> Task
The expected result is the full set of records, copied precisely, with images dropped.

> Provided records
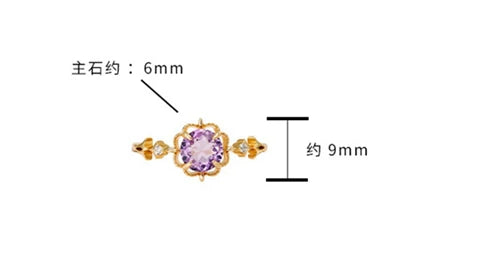 Emotional Factory 925 Sterling Silver 14K Gold Plated Gem Stone Gemstone Retro  Cz Zircon Flower Light Amethyst Ring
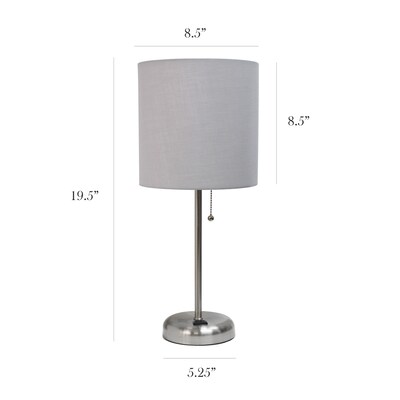 Simple Designs 19.50" LED Table Lamp with Charging Outlet, Grey (LT2024-GRY)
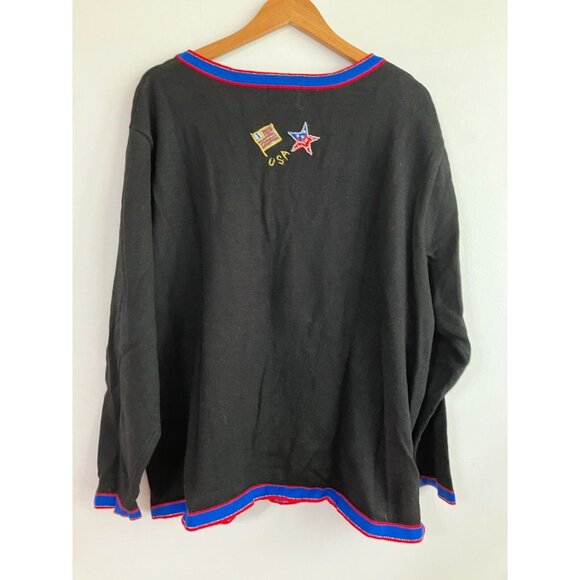 The Quacker Factory USA Patriotic Womens 2XL Black Button Cardigan Sweater Beads - Picture 9 of 11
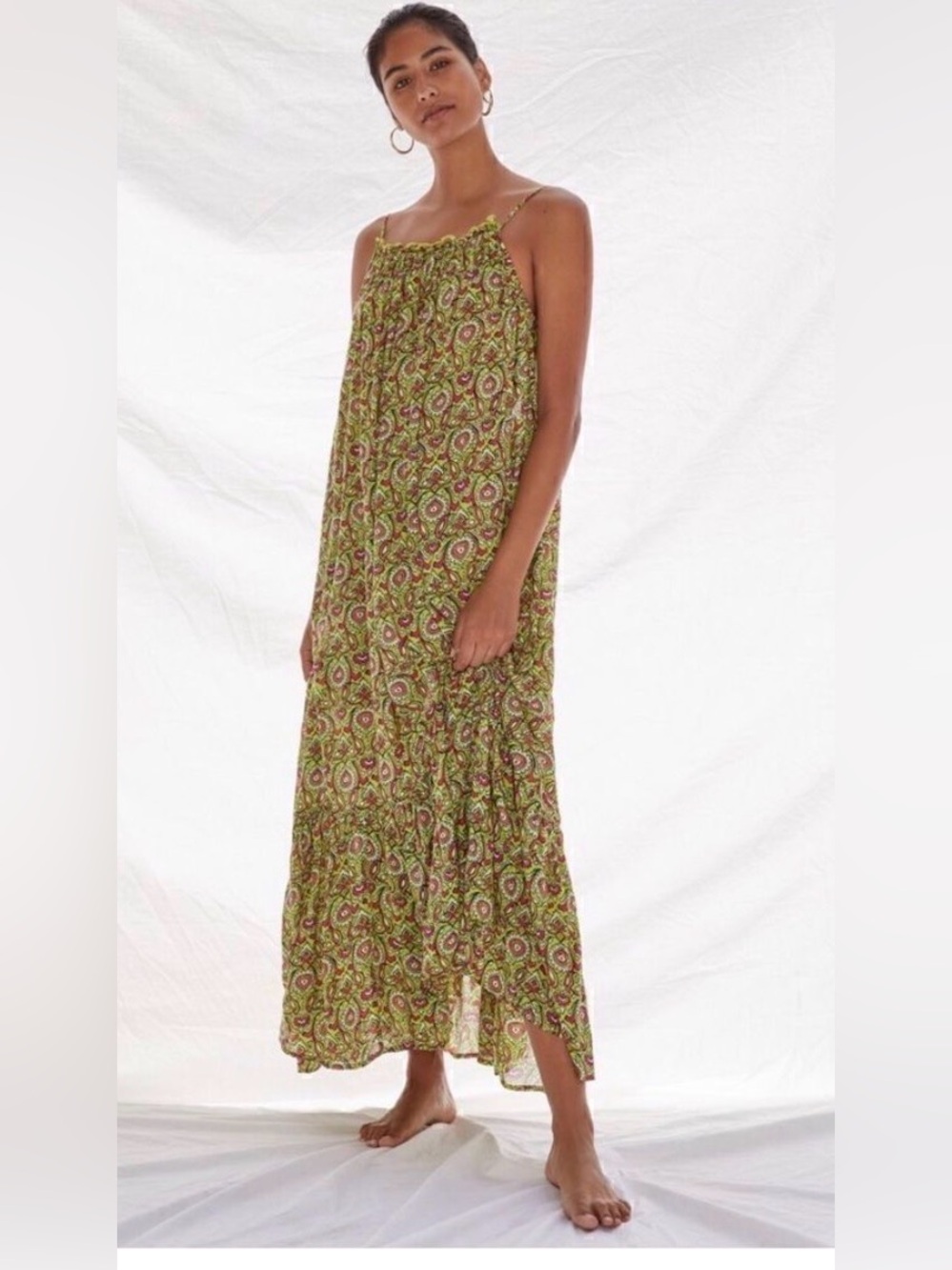 Anthropologie Green Paisley Tiered Maxi Dress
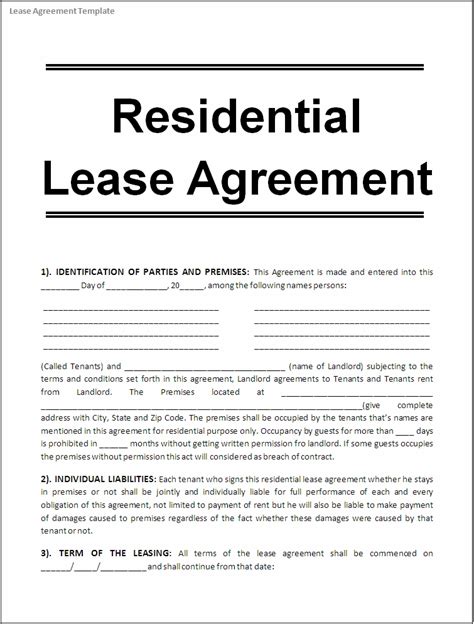 Lease Agreement Free Printable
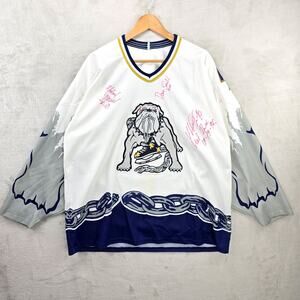 Vintage Bauer Long Beach Ice Dogs Minor League Hockey Jersey Large Autographed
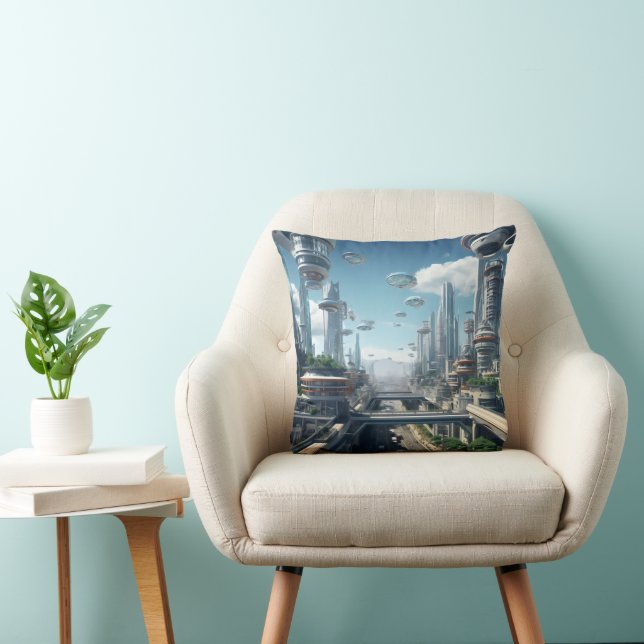Cojín Decorativo Ciudad futurista (Silla)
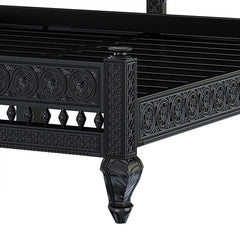 Floral Hand Carved Indian Solid Wood Platform Bed With Mehrab Style Headboard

> Answer space
 Emotional Factory 925 Sterling Silver 14K Gold Plated Gem Stone Gemstone Retro  Cz Zircon Flower Light Amethyst Ring
 Simple Designs 19.50" LED Table Lamp with Charging Outlet, Grey (LT2024-GRY)
 The Quacker Factory USA Patriotic Womens 2XL Black Button Cardigan Sweater Beads - Picture 9 of 11
 Anthropologie Green Paisley Tiered Maxi Dress
 Lease Agreement Free Printable
 Vintage Bauer Long Beach Ice Dogs Minor League Hockey Jersey Large Autographed
Cojín Decorativo Ciudad futurista (Silla)
 Floral Hand Carved Indian Solid Wood Platform Bed With Mehrab Style Headboard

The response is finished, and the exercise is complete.